Start of DATASET EXCERPTS
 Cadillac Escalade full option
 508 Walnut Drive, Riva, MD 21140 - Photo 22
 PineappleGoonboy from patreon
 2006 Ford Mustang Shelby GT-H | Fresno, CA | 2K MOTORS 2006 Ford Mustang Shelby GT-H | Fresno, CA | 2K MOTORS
End of DATASET EXCERPTS
Start of DATASET EXCERPTS
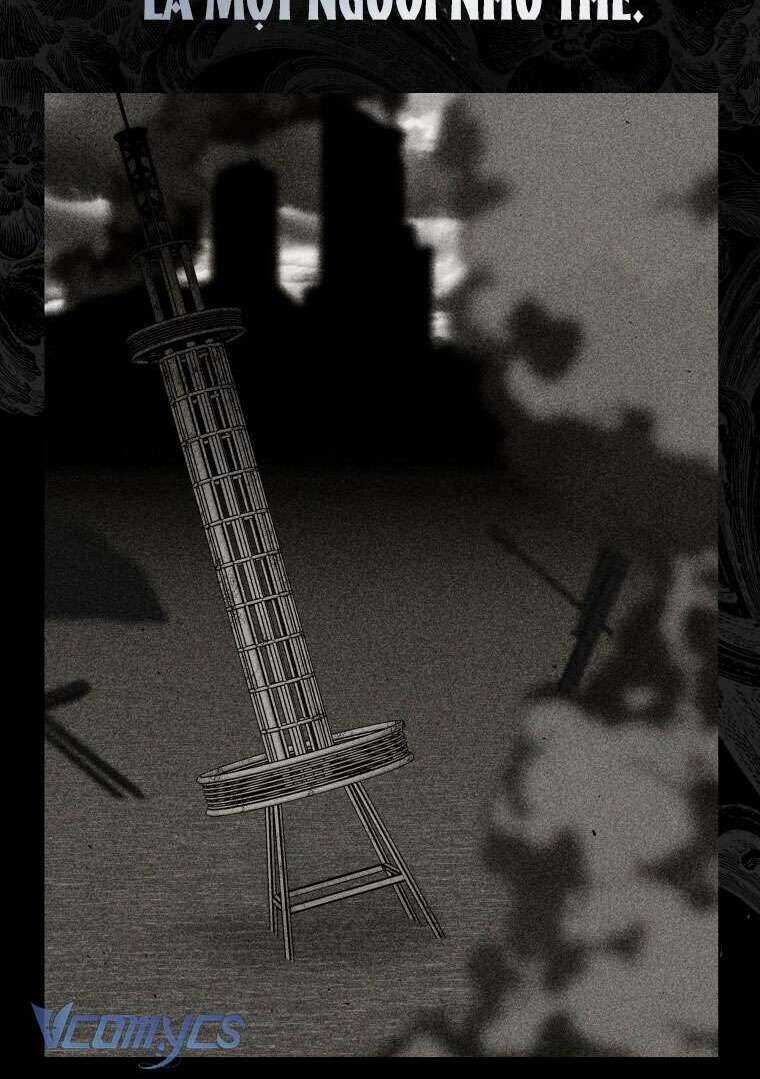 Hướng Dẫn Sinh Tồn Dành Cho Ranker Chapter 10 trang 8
End of DATASET EXCERPTS
Everything above from the line with "PineappleGoonboy from patreon" to the line with "2K MOTORS 2006", both included, must be repeated exactly, and nothing outside that range.

 PineappleGoonboy from patreon
 2006 Ford Mustang Shelby GT-H | Fresno, CA | 2K MOTORS 2006 Ford Mustang Shelby GT-H | Fresno, CA | 2K MOTORS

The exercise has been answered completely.